Naturally, with such a flash pad, and with all that equipment in the games arcade to worry about, a decent security system is paramount. We’ve not been broken into for years, at least not since Gabriel was born, but maybe the morning ritual of alarm-setting prior to walking to school has made a deep impression on his childish mind. “The alarm system is proven to not even leting the sneekyest robbers in,” he writes. “The door only opens with the best most unthinkable.” Unthinkable what? We are not told.
We then consider the location of this mansion, which is newly built (no fuddy-duddy Georgian rubbish here) and “the best family house in London”. Where is it? This is where my son and Foxtons part company. The luxury building is not anywhere a London agent would deem top-notch, but rather somewhere an eight-year-old boy would consider deluxe: “This house overlooks Wembley.” With perks, too: “You get tickets to international matches.” Well, I might be to blame for the rest, but here I blame the influence of Mr Millard entirely, as I have no interest in “international matches” of any description. And imagine waking up to a close-up of the great Wembley arch. Horrendous, even when viewed from a “fit for king” bedroom.
At least the boy has grasped the necessity of a quick sale, which in these anxious days is embedded within the cerebral cortex of even the most junior estate agent. “This is a once in a lifetime offer,” the prospectus urges. And, quite properly, it doesn’t hit you with the price tag until you have been wooed by the mouthwatering description: “Only £15m, so why not come down today and buy this newly built house?” (Quite reasonable, I would say, but then the location might have something to do with it.)

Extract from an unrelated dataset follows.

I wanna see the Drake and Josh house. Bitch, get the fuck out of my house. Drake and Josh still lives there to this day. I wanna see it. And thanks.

For inspiration, his teacher had given the class a list of a dozen or so useful words and phrases: “modern”, “detached”, “spacious”, “wide patio doors”, “clean”, “bright”, “light”, “new roof”. It would seem most of this bourgeois world-view has been ignored by my son in favour of a bigger picture altogether. You can forget all about the genteel world of clean detached houses with patio doors; here is a stance far more in keeping with a Hello! photo spread, in which the house is gigantic, security is paramount, there is a games arcade and Premier League footballers (along with, presumably, their Wags) are but a stone’s throw away. How on earth have I encouraged such worldliness in someone I like to think is still enchanted by Tintin and Horrid Henry?

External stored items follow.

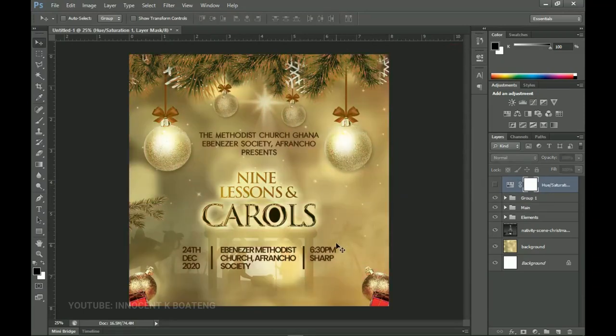That'll be it for this video. Thank you so much for sticking around. Do check out the other tutorials I made last year — I made another carol service flyer and it was amazing, I'll leave links in the description. Thank you so much for watching, I'll see you guys in the next one. Merry Christmas in advance, it's Innocent here — bye!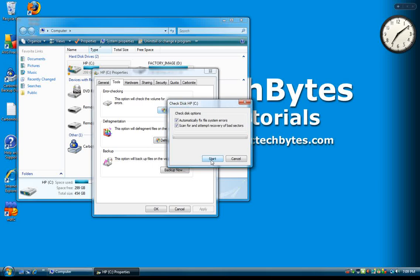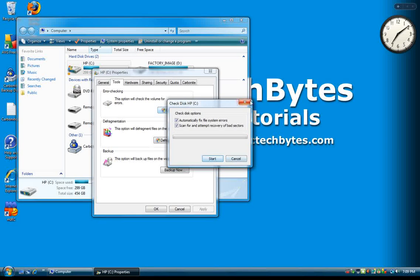Typically, if you begin to get a lot of bad sectors on your hard drive, it's not a bad idea to replace it, but occasionally this will correct any problems that you're having. Thank you.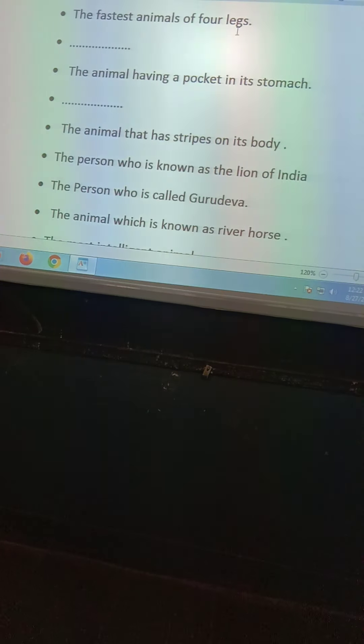The next question: the animal which is known as the River Horse. And the next question: the most intelligent animal. I think we are also animals, but we are talking about animals here. And then: the bird that can dance when it rains.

And, like anyone in a chalk-striped suit who drives a branded Mini, this junior marketeer is not about to let a commercial opportunity pass him by. After I mentioned tentatively that I might use his work as inspiration for this column, he thought about it for a minute or two before politely suggesting a suitable payment into his savings account. He’ll doubtless go far. It’s just the road he seems destined to take that I worry about.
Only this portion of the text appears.